I wrote a while ago about a biblical way to construe AI. It’s an analogy, and it goes like this. Just as God made humans to be his image in the world and exercise God’s loving power on his behalf, so we invent tools to take our own God-bearing image further into the world, exercising that same power on our behalf. As we are God’s intelligent artifice to help Him fill, cultivate and develop the earth1, so we create ‘artificial intelligence’ to help us further extend God’s reign of fruitfulness, delight and blessing. Our tools and technologies should help us pursue projects and plans conceived in obedience to this cultural mandate.

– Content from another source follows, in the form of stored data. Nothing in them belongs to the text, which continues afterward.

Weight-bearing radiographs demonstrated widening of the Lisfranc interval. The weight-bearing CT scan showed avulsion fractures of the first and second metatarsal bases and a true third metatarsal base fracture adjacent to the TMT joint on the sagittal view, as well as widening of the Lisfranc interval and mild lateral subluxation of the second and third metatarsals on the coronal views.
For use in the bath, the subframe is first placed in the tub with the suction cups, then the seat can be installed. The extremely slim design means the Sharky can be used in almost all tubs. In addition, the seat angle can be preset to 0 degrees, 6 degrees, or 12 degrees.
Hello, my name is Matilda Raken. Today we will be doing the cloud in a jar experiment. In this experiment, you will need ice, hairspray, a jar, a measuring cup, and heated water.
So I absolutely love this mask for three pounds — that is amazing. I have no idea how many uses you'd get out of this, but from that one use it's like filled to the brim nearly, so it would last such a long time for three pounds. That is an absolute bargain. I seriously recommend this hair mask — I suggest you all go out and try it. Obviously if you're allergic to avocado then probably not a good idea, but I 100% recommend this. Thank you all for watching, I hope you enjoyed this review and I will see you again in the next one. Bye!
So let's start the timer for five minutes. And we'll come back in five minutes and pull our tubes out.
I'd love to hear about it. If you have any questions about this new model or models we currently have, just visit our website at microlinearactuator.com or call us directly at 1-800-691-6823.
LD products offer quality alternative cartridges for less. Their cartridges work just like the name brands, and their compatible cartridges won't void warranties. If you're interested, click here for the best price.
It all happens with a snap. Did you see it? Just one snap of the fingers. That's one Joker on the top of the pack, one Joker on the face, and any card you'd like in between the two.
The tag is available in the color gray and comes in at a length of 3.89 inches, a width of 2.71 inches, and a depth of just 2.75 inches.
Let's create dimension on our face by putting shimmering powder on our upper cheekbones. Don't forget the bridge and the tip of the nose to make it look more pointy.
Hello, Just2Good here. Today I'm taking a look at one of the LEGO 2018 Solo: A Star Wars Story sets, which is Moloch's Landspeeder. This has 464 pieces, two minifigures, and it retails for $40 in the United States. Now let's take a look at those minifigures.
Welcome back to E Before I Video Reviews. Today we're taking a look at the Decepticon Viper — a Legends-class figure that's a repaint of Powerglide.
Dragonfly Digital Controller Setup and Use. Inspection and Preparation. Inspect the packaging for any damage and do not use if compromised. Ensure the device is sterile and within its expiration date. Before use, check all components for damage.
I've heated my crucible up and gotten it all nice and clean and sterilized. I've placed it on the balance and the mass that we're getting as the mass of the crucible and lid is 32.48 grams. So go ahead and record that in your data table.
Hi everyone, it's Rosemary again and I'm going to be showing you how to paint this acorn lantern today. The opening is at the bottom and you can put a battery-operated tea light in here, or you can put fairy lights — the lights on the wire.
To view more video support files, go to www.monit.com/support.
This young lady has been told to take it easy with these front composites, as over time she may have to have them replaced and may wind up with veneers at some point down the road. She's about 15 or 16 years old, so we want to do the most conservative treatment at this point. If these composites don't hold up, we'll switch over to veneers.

I find the analogy persuasive for several reasons. First, the Bible’s creation narrative makes clear that humans are called to follow God’s creative work: filling, subduing, ruling, naming, caring, serving. Second, there are positive allusions to uses of tools and technologies throughout the Bible – including the prospect of digging copper from the hills of the Promised Land (Deut. 8:9), the wheels on the angelic creatures in Ezekiel 1, and the description of the new Jerusalem in Revelation 21. And third, there is biblical warrant for quite strong notions of our god-likeness. At the Fall, God pronounces the man “…like one of Us, to know good and evil” (Gen. 3:22 – before expelling him from Eden). More positively, God tells Moses, “See, I have made you as God to Pharaoh” (Ex. 7:1). Then there’s the mysterious phrase of Asaph: “I said, ‘You are gods…'” (Ps 82:6), which Jesus invokes in John 10:35. In the New Testament, faithful living is regularly described as godliness.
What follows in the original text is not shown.